From the very beginning version control for data has been a really important part of our vision. There are tools for distributing data; there are tools for versioning files, but there are no good tools for versioning data.
I say “good tools” because data versioning isn’t just about being able to modify data and keep track of the changes. One has to consider why the data is being modified in the first place, a use case that is fundamentally different from version control in code. Version control for source code is used to make changes– add features, fix bugs, refactor, etc. Although projects may split when disagreements between developers and philosophies pop up, the assumption is that everything will eventually be rolled back to one master branch.

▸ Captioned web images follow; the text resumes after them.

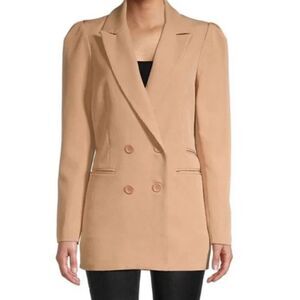 Walter Baker Classic Peak Lapel Double Breasted Blazer in Tan, NWT Size Medium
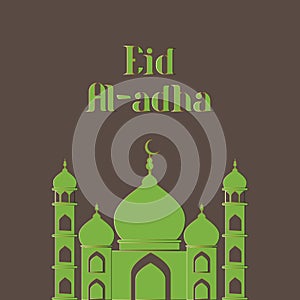 Eid Al Adha Background. Islamic Arabic lanterns. Translation Eid Al Adha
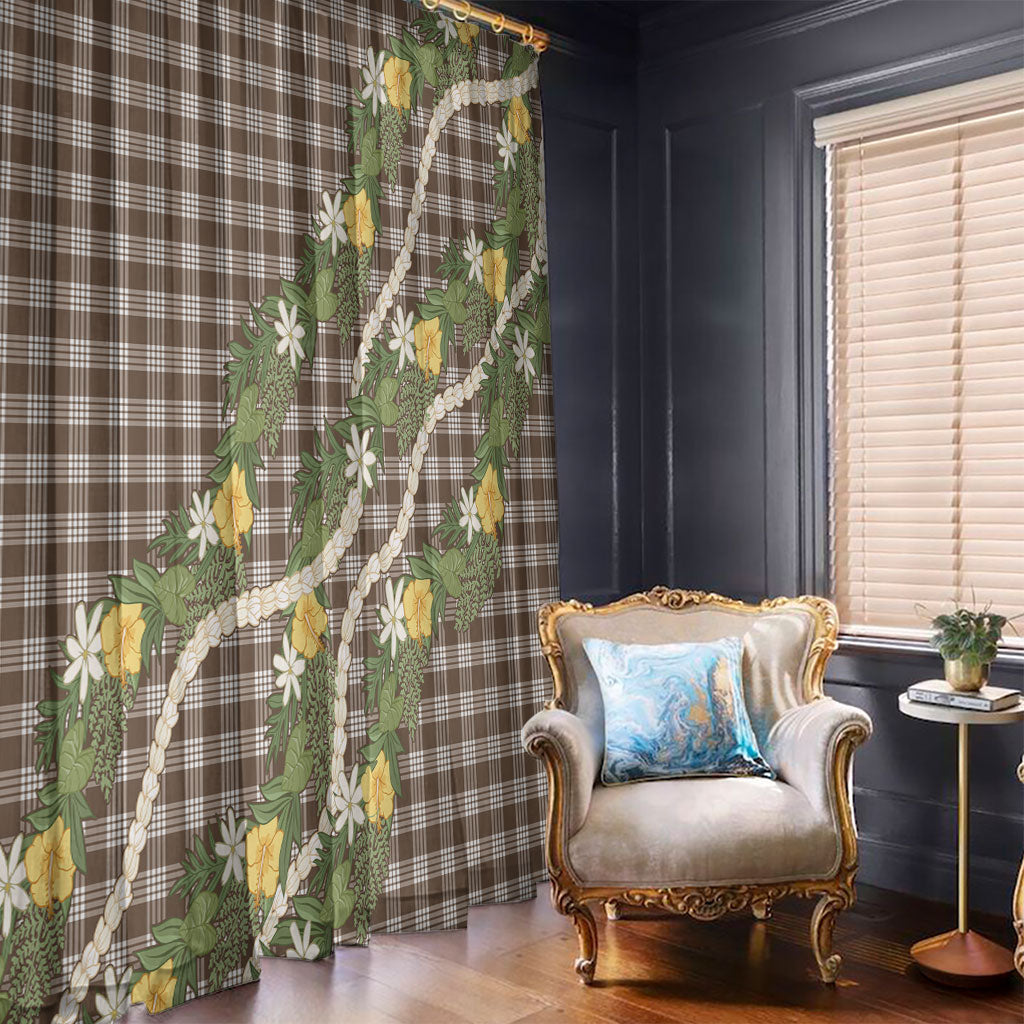 Aloha Puakenikeni Anthurium Pikake Lei Window Curtain Chocolate Hawaiian Palaka Pattern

Version control with data is about variety. One user needs the data broken down one way, another needs it broken down a different way. At no point will the interests of these two use cases ever merge, the benefits of tracking changes are not about getting everyone on the same page but trying to establish authenticity and accountability.
My favorite example comes from a dataset of school information released by the Department of Education. It looks something like this:
<amalm09>12</amalm09>
<amalf09>7</amalf09>
<asian09>5</asian09>
<asalm09>3</asalm09>
<asalf09>2</asalf09>
<hisp09>58</hisp09>
<hialm09>35</hialm09>
<hialf09>23</hialf09>
<black09>20</black09>
<blalm09>9</blalm09>
<blalf09>11</blalf09>
<white09>159</white09>
<whalm09>76</whalm09>
<whalf09>83</whalf09>
<pacific09>0</pacific09>
<hpalm09>0</hpalm09>
<hpalf09>0</hpalf09>
<tr09>0</tr09>
<tralm09>0</tralm09>
<tralf09>0</tralf09>
I first encountered this data when I was working for a company called Temboo as their Hacker-in-Residence. Engineering couldn’t make sense of it, and couldn’t find any documentation defining what all those codes meant, so they asked for my opinion on it. After a few minutes of picking through a couple of different schools I figured it out: this was student demographics broken down by age, race, and gender. Asian09 is the number of asian ninth graders (5), asalm is the number of MALE asian ninth graders (3).

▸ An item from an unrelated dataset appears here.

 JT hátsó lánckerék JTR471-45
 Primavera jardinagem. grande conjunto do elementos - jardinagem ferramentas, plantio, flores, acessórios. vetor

There might be a use case were that level of granularity is needed, but I imagine that more often than not anyone who wants to use this data has to remap it to something less specific. Version control for data is about tracking that kind of activity so that analysis can be confirmed. It’s pretty easy to contaminant a dataset with faulty assumptions, bad math, or innocent inaccuracies. A clear record of changes data consumers identify potential issues before they build on top of it.
How Exversion Handles Version Control
Last time we talked about some of the things you could do in terms of adding data to repositories through our API. If you’ve read our API documentation you know that you can also edit data through the API as well.

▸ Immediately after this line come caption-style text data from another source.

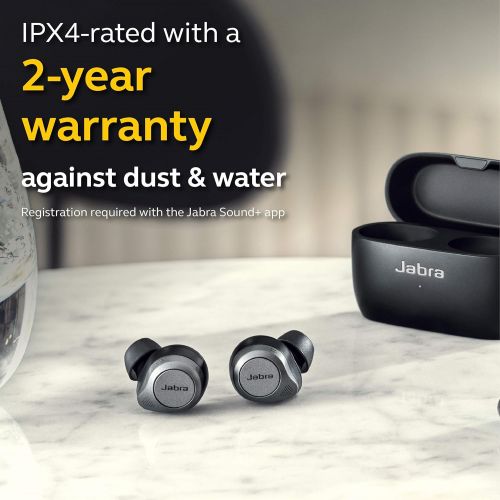 자브라 Jabra Elite 85t True Wireless Bluetooth Earbuds, Titanium Black ? Advanced Noise-Cancelling Earbuds with Charging Case for Calls & Music ? Wireless Earbuds with Superior Sound & Pr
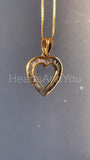 1ct Baguette Simulated Diamond Heart Valentine Pendant 14k Yellow Gold Plated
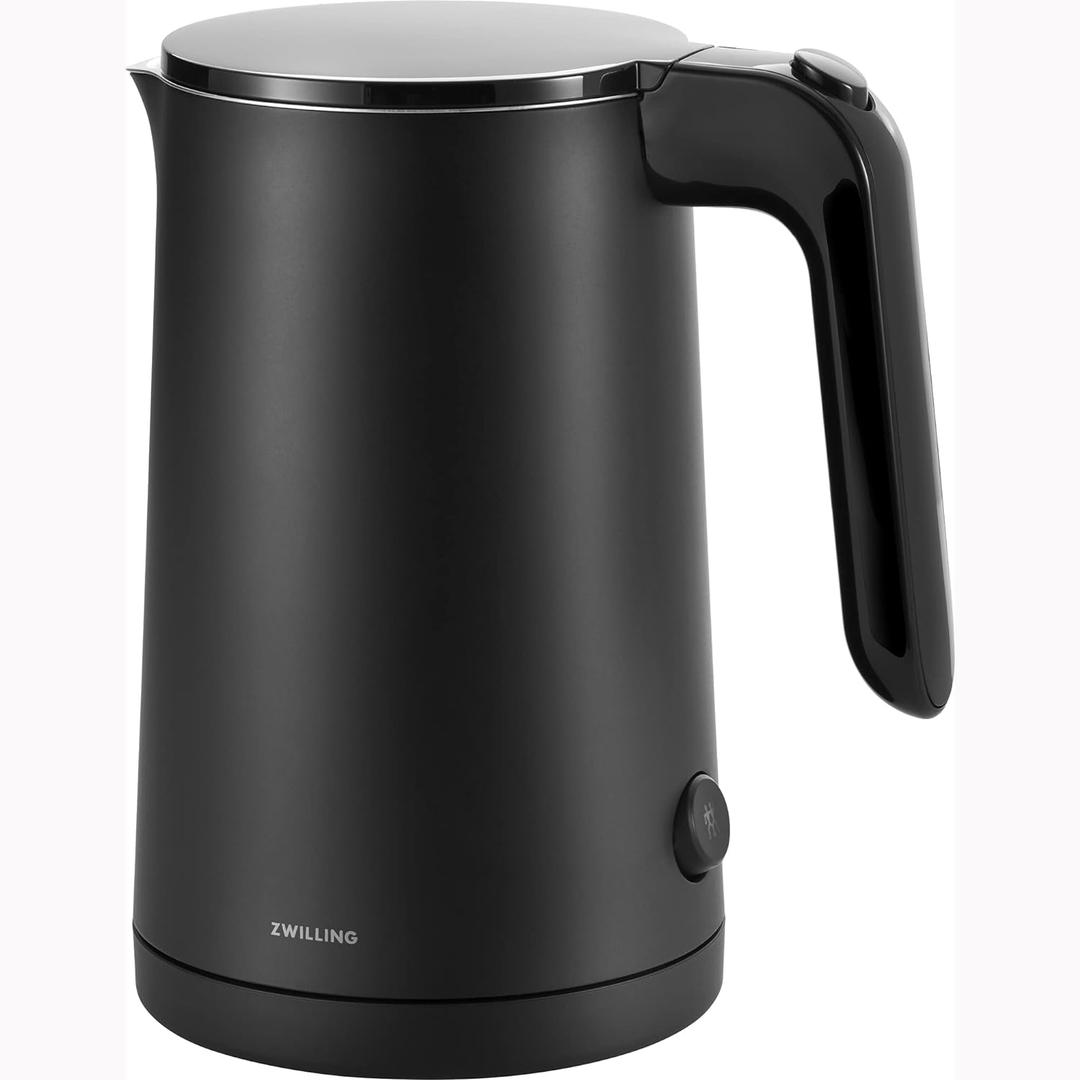 ZWILLING Enfinigy Cool Touch 1-Liter Electric Kettle, Cordless Tea Kettle & Hot Water - Black (1.1 Quarts, Black)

We built in logging from the very beginning, tracking additions to datasets as extensions and changes to the datasets as commits. From those records we can now generate a history for every dataset we host. In practice it looks like this:
Anyone can see this history, but only the dataset owner can make changes.
So… let’s say someone that I gave access to this dataset added some bad data. I can delete that by clicking the X button at the end of the row. Now there’s a new row under changes made to the data, and one less under data added.
But maybe that was a mistake and now I want to undo deleting that data. I can revert commits (including deletions) by again clicking the X button on the end of the row.
Now the deleted data is restored, the changes I made undone. If I wanted to, I could undo the restore, in effect redeleting the data. Or instead I could click on the timestamp and pull up the details for this change:
Future Implementations
Eventually we’d like to allow people to create mathematical transforms that can be run directly on the platform, reproduced as data is added. But for now we’re pretty satisfied with being able to reproduce the benefits of a version control system like git or SVN on a data environment.